(Crawled caption data)
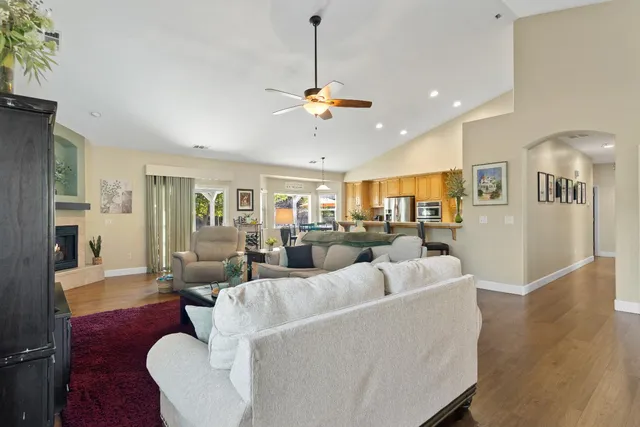 a living room with furniture kitchen view and a chandelier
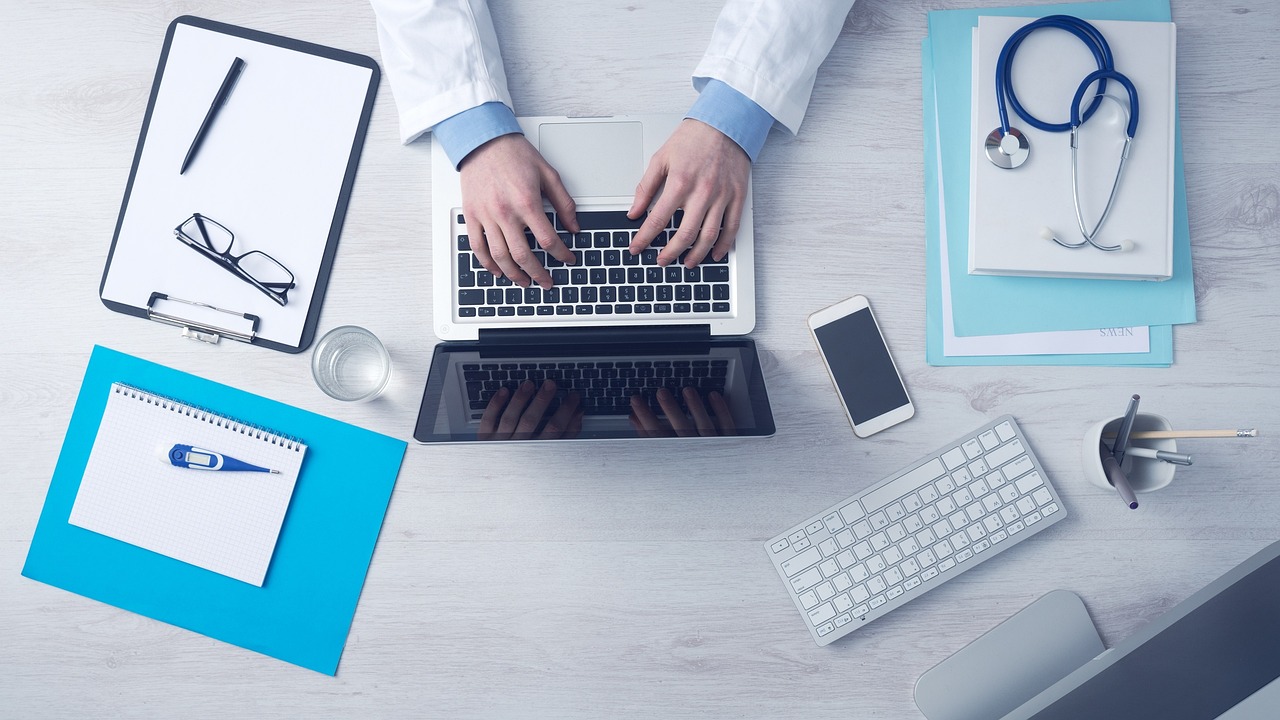 A doctor works at a tidy desk with a laptop, clipboard, and stethoscope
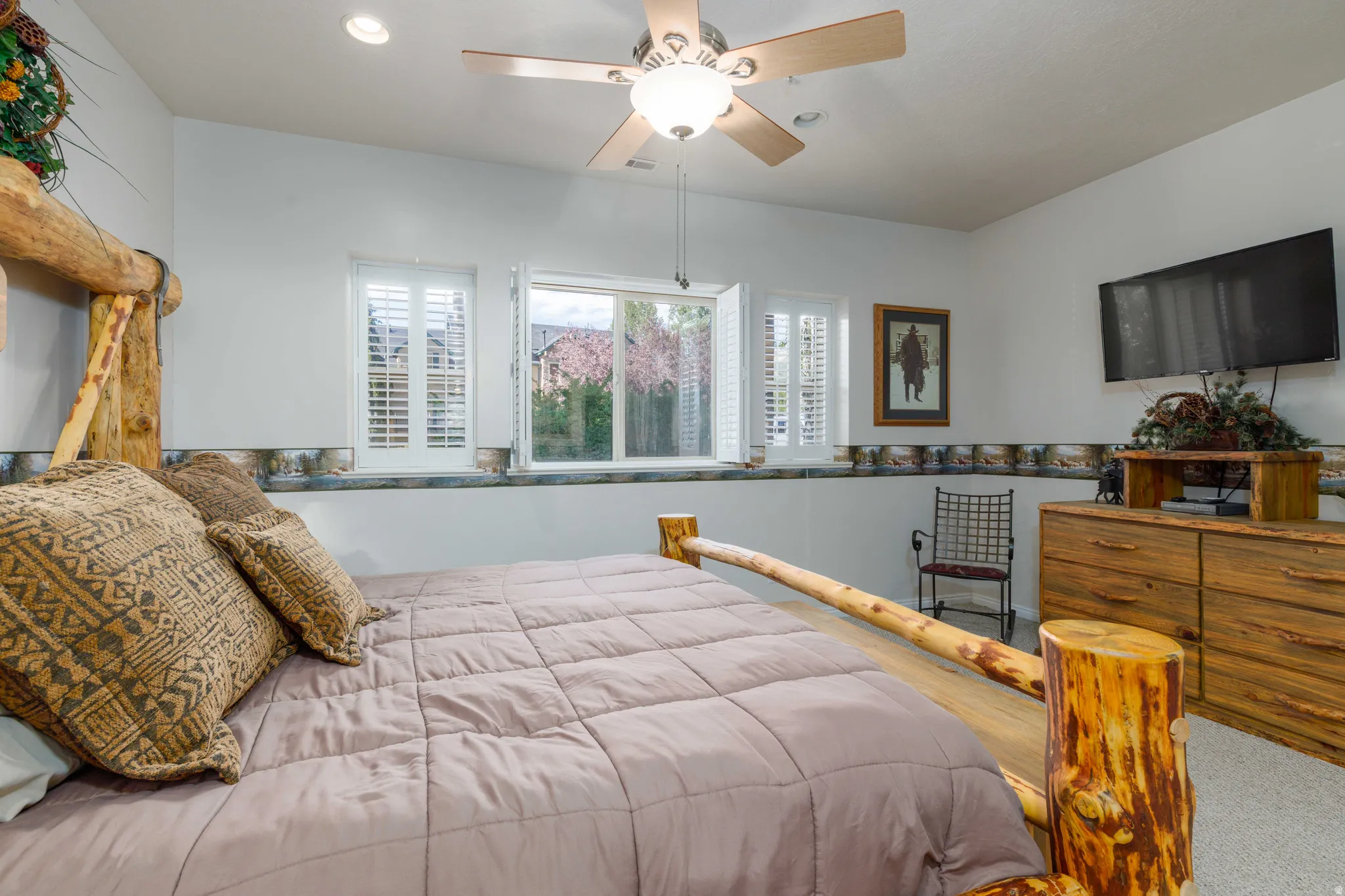 Recessed lighting, ceiling fan, and window with plantation shutters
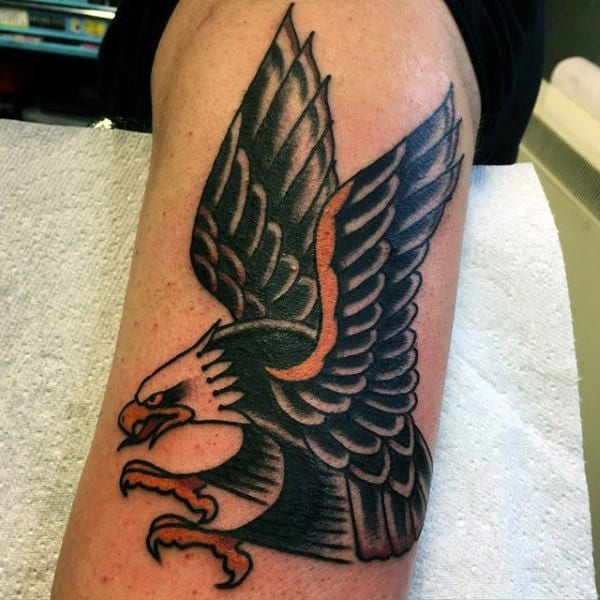 Guy With Rustic Bald Eagle Tattoo On Forearms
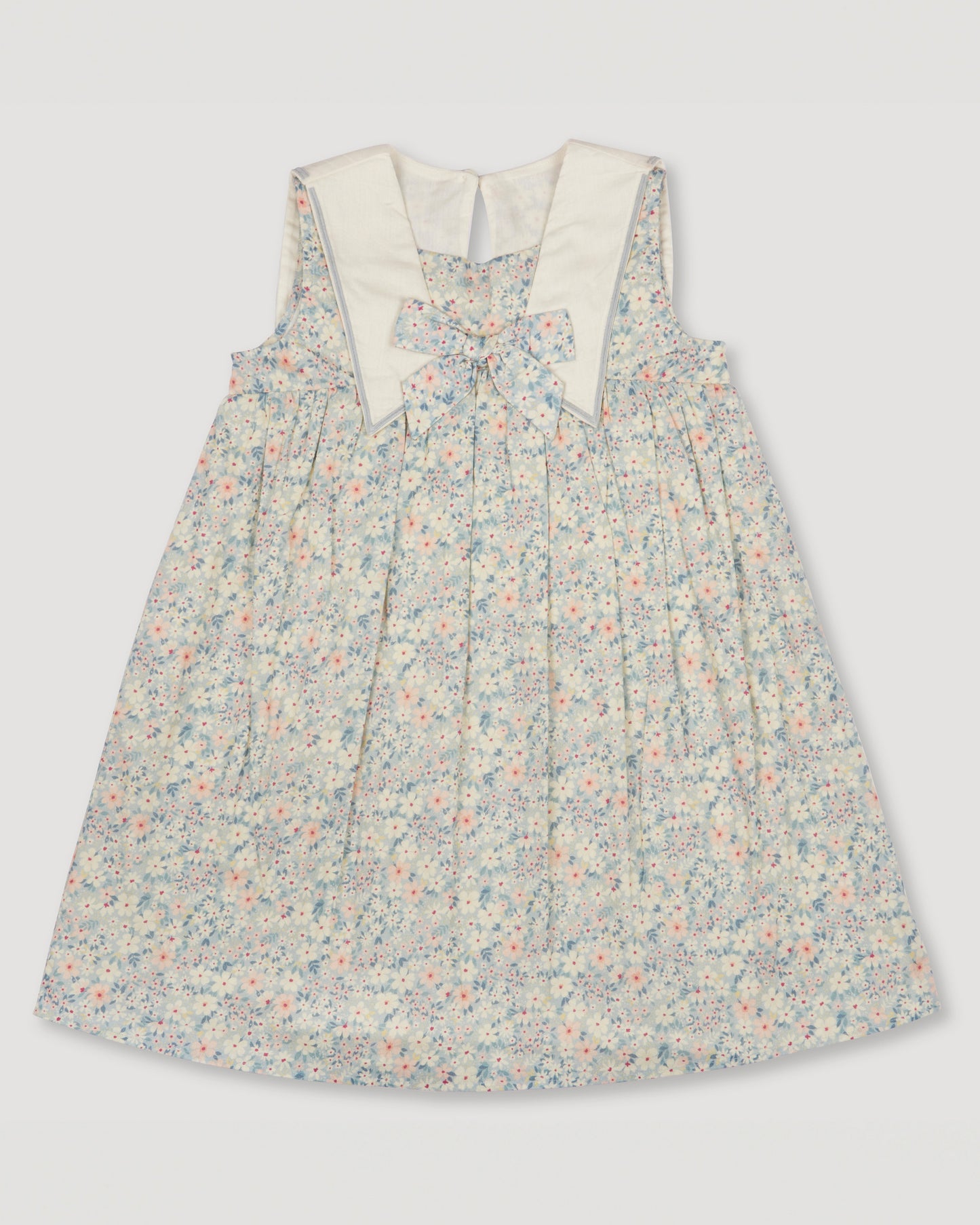 Early Sunday, Sabrina Dress in Amelia print, made from Printed Cotton Cambric fabric, featuring flattering fit with delicate finishes, combining style and functionality for an effortlessly elegant look, shown in a front flat lay view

▸ **Required action**:
Restate all entries above exactly, but not the images.

▸ **Reply**:
 a living room with furniture kitchen view and a chandelier
 A doctor works at a tidy desk with a laptop, clipboard, and stethoscope
 Recessed lighting, ceiling fan, and window with plantation shutters
 Guy With Rustic Bald Eagle Tattoo On Forearms
 Early Sunday, Sabrina Dress in Amelia print, made from Printed Cotton Cambric fabric, featuring flattering fit with delicate finishes, combining style and functionality for an effortlessly elegant look, shown in a front flat lay view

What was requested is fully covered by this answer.